Esses detalhes foram registrados em fotografias e, mais tarde, transformados em pinturas em acrílico para representar as faixas do disco, com intuições claras, sendo o verde da floresta Amazônica; o amarelo e laranja que trazem a naturalidade da luz do sol; o branco da luz natural; o vermelho com o sangue, suor e o suingue de um povo e, por fim, o preto, como a sombra. Esse processo imersivo resultou em uma composição única para a capa, que incorpora elementos de sua própria memória, movimentos contemporâneos e referências culturais, oferecendo uma representação visual profundamente significativa. Tudo isso somado às batidas contagiantes e harmonias alegres, que evocam a sensação de festa à beira-mar durante todo o disco.

Abaixo, o rapper compartilha o faixa a faixa de Wi-Fi da Floresta:

“Rádio do Caribe” part. Felipe Cordeiro

“Durante muito tempo, nas décadas de 1930 e 1940, não conseguimos conectar as rádios de nosso próprio país. Então, essa música aborda a frequência vinda da América Central que transformou a cultura de minha região. A onda sonora, uma vez emitida, propaga-se eternamente – e eu me considero quase um roteador dessa sonoridade”.

“Que Tal?!”

“Ela vai além do questionamento, é um movimento através do verbo, esse movimento de descer para subir, desse êxodo musical devido ao tamanho do país e à indústria não entender direito a música feita em minha região. Repete-se a máxima dos Racionais: a gente tem que ser algumas vezes melhor para nossa música ser percebida da forma que ela merece”.

“Dejavú”

“Morei por um período na casa de um amigo na zona sul e, um dia, ele me informou que a propriedade estava envolvida em um processo judicial, pois a família de seu pai reivindicava a propriedade, mas isso levaria algum tempo. Eu havia conhecido Gabi, minha companheira, cerca de uma semana antes, e no dia seguinte à conversa que tivemos sobre a casa, às seis da manhã, um oficial e alguns policiais entraram no meu quarto e me acordaram para que eu retirasse meus pertences, pois haveria uma reintegração de posse. Essa história precisava estar de alguma forma neste disco que aborda a conexão, porque isso me fez conviver por anos com uma das pessoas mais especiais que já conheci na vida”.

“Jambú” part. Cleiton Rasta

“Fala sobre essa ginga e o suingue diferenciado lá de cima do nosso país, necessário pra gente ir levando a vida. Quando você toma uma dose de Jambú, naturalmente a boca treme, e essa faixa é igual uma dose, feita para sua boca tremer”. (Para o artista, nenhum DJ de sua cidade tinha o carisma que o Cleiton teve para essa produção).

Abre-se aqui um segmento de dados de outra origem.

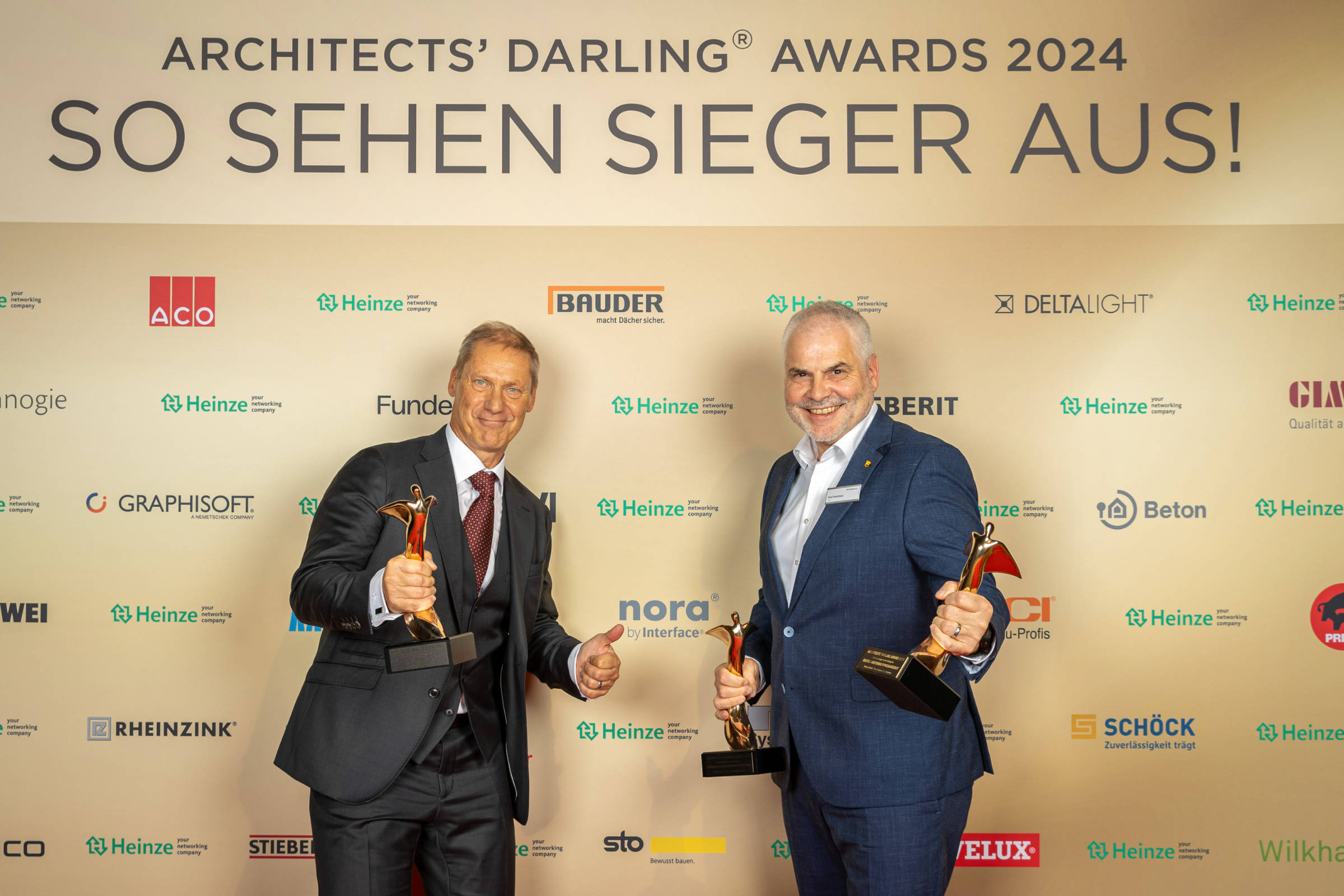 Preisübergabe: Michael Lang (Heinze, links) überreichte Rolf Wohllaib (Sto) den Award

“Wi-Fi da Floresta” part. Bixarte

“Essa faixa é muito especial porque eu quis muito trazer a Bixarte, uma mulher trans que se conecta com suas naturezas mais profundas para nos presentear com uma mensagem sobre renovação e movimento em busca da nossa conexão”. (Para Cronixta, a artista é uma força da natureza muito avassaladora).

“Sabiá”

“Sempre vejo a figura do passarinho em vários lugares, ele sempre me acompanha e não queria deixá-lo fora do álbum. São Paulo é como uma selva que nos faz imaginar muita liberdade, mas que também nos aprisiona de várias formas. Essa música é um voo até a boca do céu para sentir a liberdade que a arte nos proporciona”.

“De Cima do Mapa” part. Thiago Elniño

“O refrão dessa música surgiu quando eu estava voltando de um banho de rio, e aconteceu algo especial enquanto eu tocava na água ao mesmo tempo em que o sol beijava o rio. Essa música reflete a lei hermética da correspondência, que nos diz: ‘O que está em cima é como o que está embaixo, e o que está embaixo é como o que está em cima”. A colaboração com o artista foi super genuína: ‘[ele] escreveu um verso sobre Belém de uma forma muito carinhosa”.

“Traficante do Amor” part. Felipe Cordeiro e Chico Correa

“A música e o verbo têm essa capacidade de fluir naturalmente e a venda do produto verdinho lá de cima para gringo é mais caro [risos]. Estamos enrolando o amor, abrindo essa banquinha e, hoje em dia, com a facilidade do pix, está barato demais para levar para sua área o suingue, o calor e o amor refinado do norte do Brasil”.